Mary Louise Booth
Mary Louise Booth was born on April 19, 1831 in Long Island, New York, to William Chatfield Booth and Nancy Monswell Booth. Although she did attend public schools, she was primarily self taught and considered quite precocious. As soon as she could walk, her mother said she was following her about book in hand, begging to be taught to read stories for herself. Reportedly she read the Bible and Plutarch at five and Racine by the age of seven, and she had a particular aptitude for foreign languages. Her father was a miller and educator who believed that teaching was the only suitable career for a young lady and consequently, did not support her inclination toward becoming a writer. At eighteen, she rebelled after teaching in his school for only a few years and moved to Manhattan where she pursued a literary career.
She supported herself by sewing vests during the day while studying and writing in the evenings. Eventually she was hired by the New York Times where she wrote articles on education and women’s topics.
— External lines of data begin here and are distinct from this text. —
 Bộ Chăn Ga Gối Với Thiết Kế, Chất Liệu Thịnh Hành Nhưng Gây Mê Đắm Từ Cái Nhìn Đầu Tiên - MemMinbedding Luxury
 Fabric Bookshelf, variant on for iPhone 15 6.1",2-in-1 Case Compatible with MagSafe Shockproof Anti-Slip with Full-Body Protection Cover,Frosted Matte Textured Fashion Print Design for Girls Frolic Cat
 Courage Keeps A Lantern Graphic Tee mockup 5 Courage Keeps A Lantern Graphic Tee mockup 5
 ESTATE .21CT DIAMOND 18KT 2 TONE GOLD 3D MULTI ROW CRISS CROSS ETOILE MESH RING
During this time she became friends with Susan B. Anthony becoming acquainted through their mutual work in the New York State Teachers' Association to equalize educational opportunities. Mary became very active in the women’s rights movement, serving as secretary at the conventions in Saratoga, New York in 1855 and then again in New York City in 1860. While engaged in this work she also began her own historical writing. Her History of the City of New York was the first comprehensive history of the city to be published.
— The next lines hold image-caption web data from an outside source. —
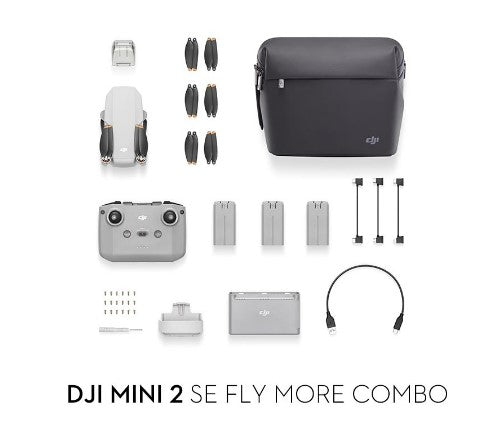 DJI Mini 2 SE Drone Free Memory Card 64gb - Ultralight 3-Axis Gimbal 2.7K Camera 249 grams Drone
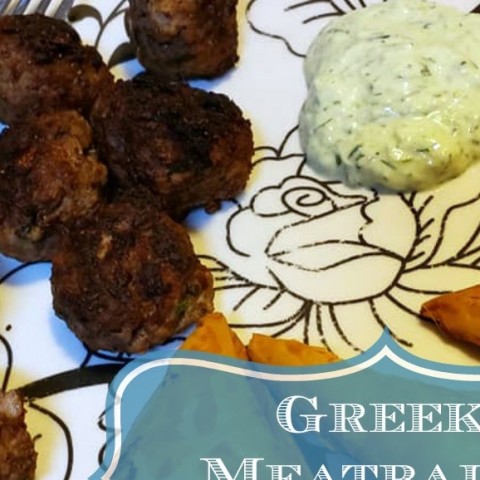 Image for Keftedes (Greek Meatballs) and Tzatziki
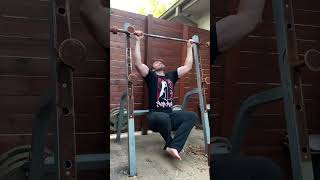 Pullups Everyday Day 14 89kg x9 [upl. by Summers]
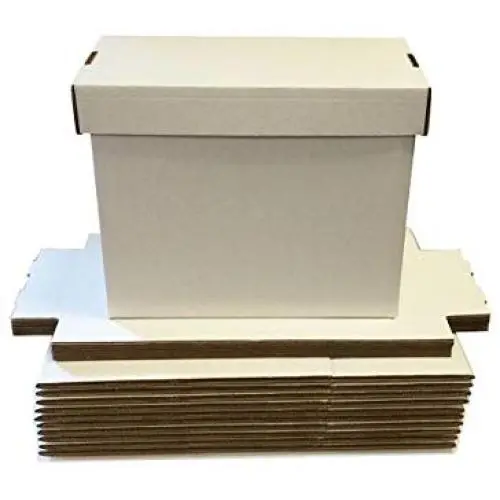 (5) SHORT White Comic Storage Boxes - Holds 150 - 175 Comic Books (5) SHORT White Comic Storage Boxes - Holds 150 - 175 Comic Books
In 1856 she began her career as translator and translated more than forty works from French to English. During the Civil War she used her skills to promote the Union cause translating Count deGasparin’s The Uprising of a Great People: The United States in 1861. Reportedly she worked twenty hours a day and completed this task in less than a week..
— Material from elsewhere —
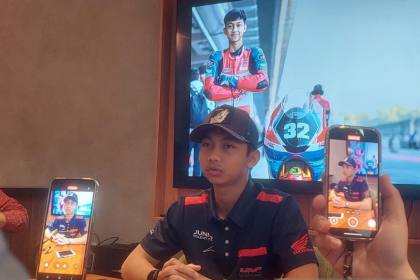 Kiandra Ramadhipa tempati posisi 10 pada balapan pertama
In 1867 Harper Brothers began the weekly magazine Harper’s Bazaar and hired Mary as its editor. She held this position for twenty two years, earning what was then an impressive salary of $4,000 a year. During her tenure circulation reached 80,000. She never married although she was engaged briefly in 1887 during a trip to Venice.
She knew everyone who was anyone. President Lincoln, Georges Sand, Winslow Homer, Oliver Wendell Holmes. As the founding editor of Harper's Bazar, she performed a great service to suffrage, according to her friend Elizabeth Cady Stanton, by 'showing that a woman can...hold for years a place at the head of a profession so difficult and so arduous.’